# Which tower would you rebuilt?



## Obelixx (Apr 14, 2005)

Avala TV Tower and Odinstårnet as tourist attraction and for TV broadcasting, the radio mast Gabin for high power longwave transmission (and perhaps FM transmission), the Mittelturm Königswusterhausen for carrying antennas for VLF transmission experiments (and as a landmark for Germany!).
I am a DX-freak!


----------



## Phobos (Sep 14, 2003)

I haven't see the poll so I thought you were asking in general


----------



## IchO (Oct 4, 2004)

NY- WTC, 3 bldngs.


----------



## ƒƒ (Dec 31, 2004)

Hm yeah maybe the WTC indeed, but we'll see what the Freedom Tower will give.

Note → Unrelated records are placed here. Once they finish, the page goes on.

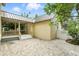 Backyard brick patio featuring steps up to the porch and yard at 4509 Belkin Ct, Orlando, FL 32814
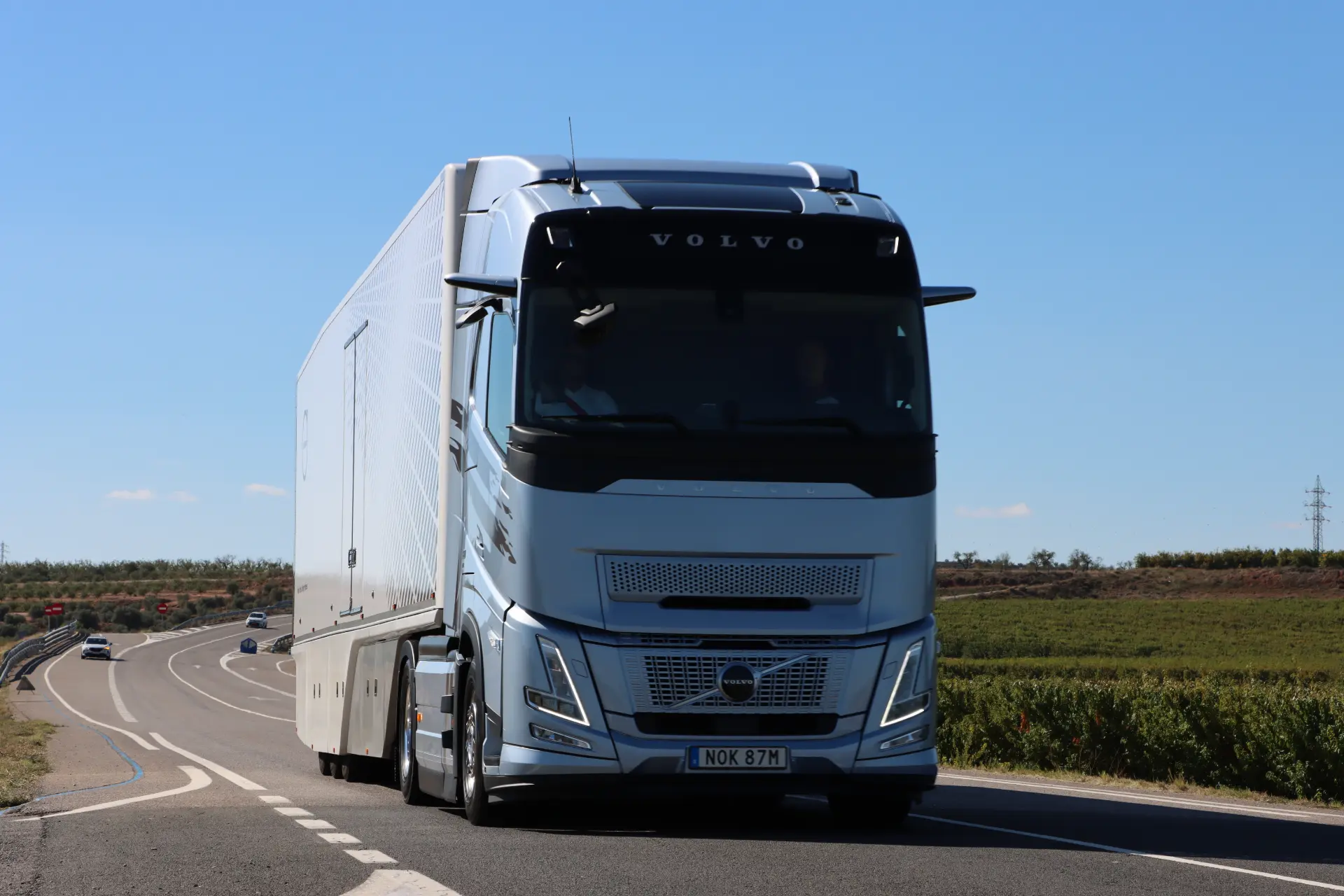 Un elegante camión Volvo FH plateado avanza por la autopista, mejorado con tecnología I-Save, contra un fondo de cielo azul claro.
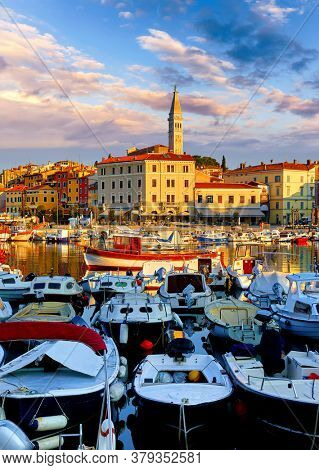 Rovinj, Istria, Croatia. Motorboats and boats on water in port Rovigno. Medieval vintage houses of old town. Yachts landing, high tower of Church of Saint Euphemia. Morning sunrise blue sky.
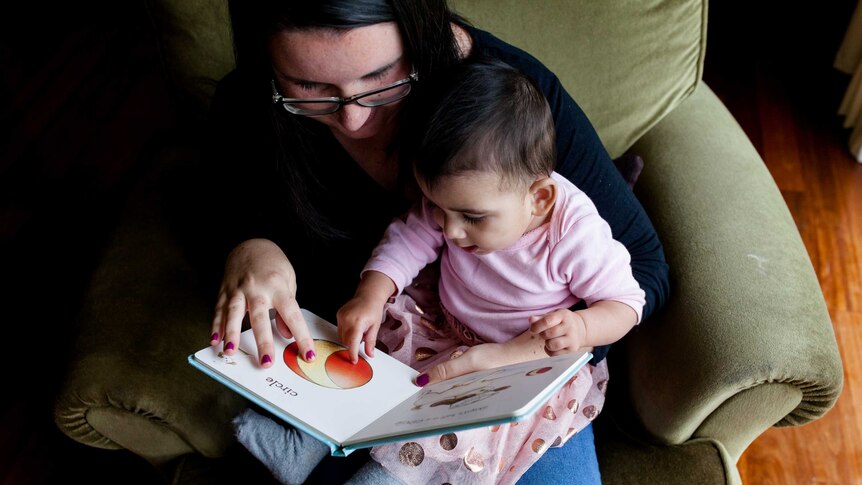 Rachael and her daughter Zara read together.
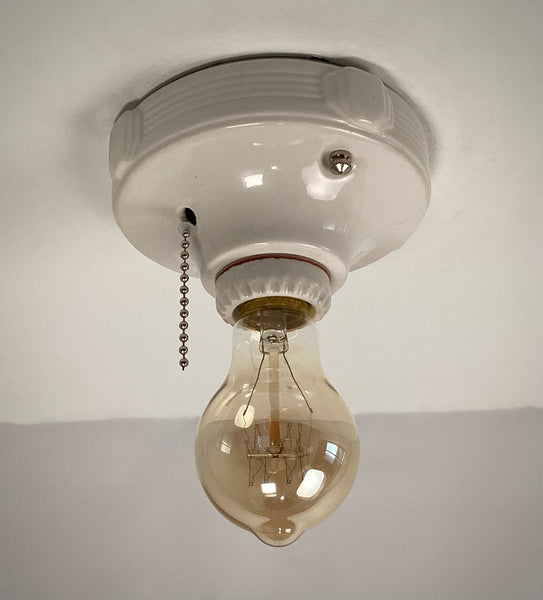 Vintage Deco Flush Mount Ceiling Light Fixture with Pull Chain. This vintage deco porcelain light fixture has been restored and features a new porcelain pull chain socket, wiring, etc. The fixture has been cleaned and detailed, making for a convenient installation.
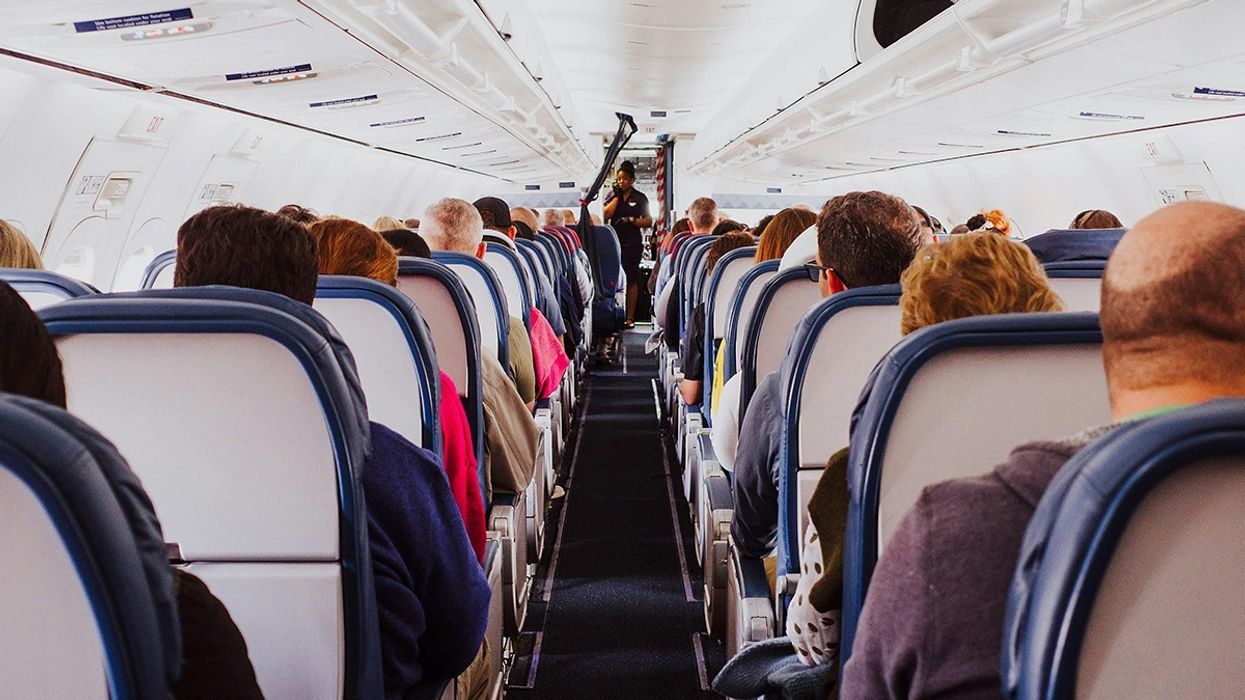 Passengers waiting on an airplane.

And I'd rather finish the so many unfinished churches, for example in Belgium the cathedral of Antwerp, which would be the largest church in the world.
Unfinished churches in Belgium with the height they have and should have reached:
Antwerpen, Onze-Lieve-Vrouwekathedraal: 3 towers of 123m, 65m (should have been higher than the 123m one), 48m (there were 7 towers of at least 123m planned)
Antwerpen, Sint-Jacobskerk: 55m (should have been taller than the cathedral)
Mechelen, Sint-Romboutskathedraal: 97m (167m)
Mons, Eglise Sainte-Waudru: (190m)
Gent, Sint-Michielskerk: (134m)
Leuven, Sint-Pieterskerk: (3 towers of 136m, 165/170m, 136m)
Roeselare, Sint-Michielskerk: 64/65m (tower of 91m was blown off by the wind)


----------



## TowersNYC (May 17, 2003)

WTC for sure


----------



## Torch (Mar 22, 2005)

The Singer Building in NY


----------



## Bitxofo (Feb 3, 2005)

We need pics to decide!


----------



## [email protected] (Jan 17, 2004)

Torch said:


> The Singer Building in NY


 :yes: :yes: :yes:

The people who were responsible for the demolition of this masterpiece should be hanged!


----------



## Sonic from Padova (Nov 23, 2004)

wtc!


----------



## TalB (Jun 8, 2005)

I would say the WTC, which is obvious.


----------



## empersouf (Mar 19, 2004)

W T C


----------



## Tom_Green (Sep 4, 2004)

The tower of Babylon.


----------



## Gendo (Dec 4, 2003)

Torch said:


> The Singer Building in NY


Yes that was a great building.


----------



## paul.skyscrapercity (Aug 29, 2005)

Most definetly the mighty WTC TWINS


----------



## koolkid (Apr 17, 2006)

WTC!!!


----------



## koolkid (Apr 17, 2006)

Torch said:


> The Singer Building in NY


I agree! 
That beauty was very historically important!


----------



## Zaqattaq (Nov 17, 2004)

WTC the way it was


----------



## XiaoBai (Dec 10, 2002)

[email protected] said:


> :yes: :yes: :yes:
> 
> The people who were responsible for the demolition of this masterpiece should be hanged!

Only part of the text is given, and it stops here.